Carnavas took the story of real-life Australian adventurers, Burke and Wills, as his inspiration for The Great Expedition. Can your kids think of any other explorers they've heard of or would like to find out more about?
When you've read The Great Expedition, here are some more activities to help your children make connections to the book with their own adventures.
- Go on a scavenger hunt at your local park - find leaves, seedpods, other natural items or manmade items. Help your kids develop visual literacy by making up a card with age-appropriate words and pictures of things they need to find. If you can't make it to the park, "salt" the backyard with things for your kids to find - you could hide toy dinosaurs, toy cars, plastic snakes, even letters of the alphabet for your child to discover.
- Try archaeology in the sandpit, or at the beach. Salt the area with small plastic animals or toys, and give your kids plastic shovels and buckets to retrieve them.

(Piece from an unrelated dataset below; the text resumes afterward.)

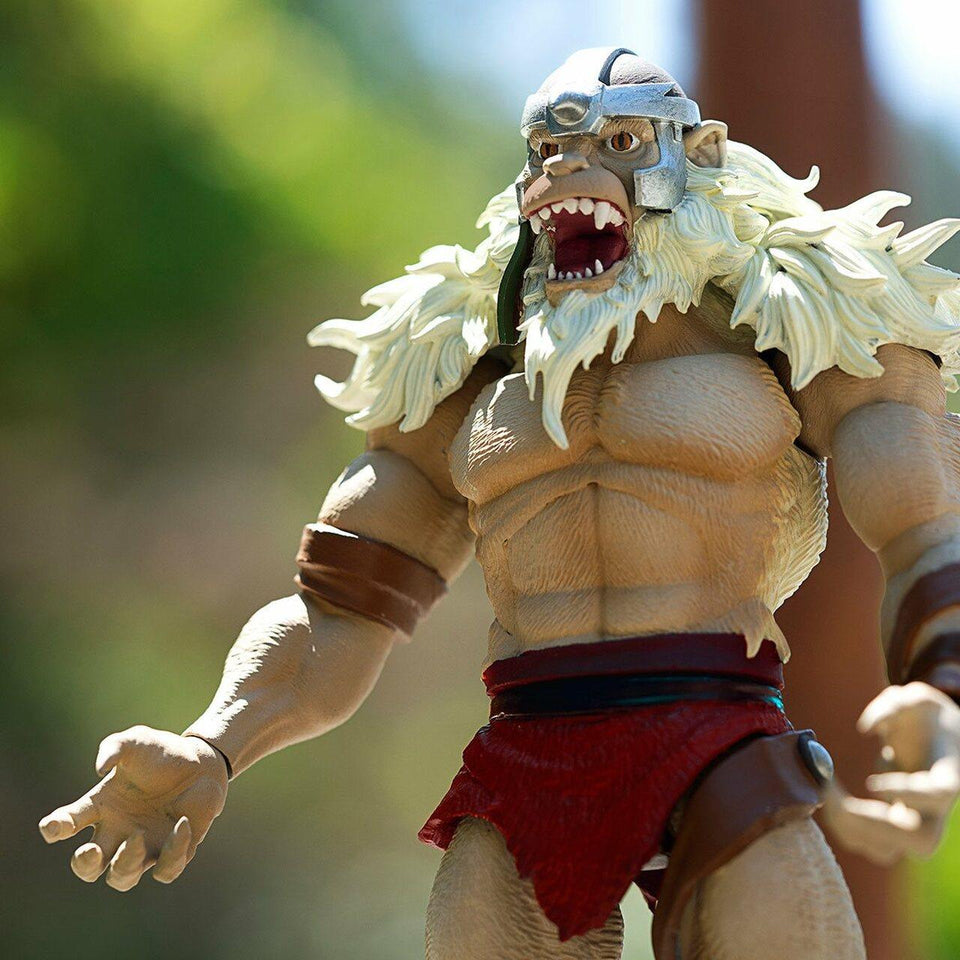 ThunderCats Ultimates Monkian 7" Wave 4 Action Figure Super7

- Do some map making. Ask your kids to look really hard at the natural and man made environment in your park or yard. Have them represent that environment with sand and found objects. Older kids can take it a step further and try to make a 2D map of the environment with lines and shapes to stand for actual objects and terrain. If your kids love maps, make sure to read an excellent article in Literacy Lava 9 by Rebecca Newman, titled Maps and Literacy - Heading in the Right Direction.
- Pack a picnic lunch and do some adventuring of your own. Has your family tried geocaching or canoing? While you're out in the fresh air, replay the story of The Great Expedition with some toys, or gather a group of friends together and assign each a role. Good luck!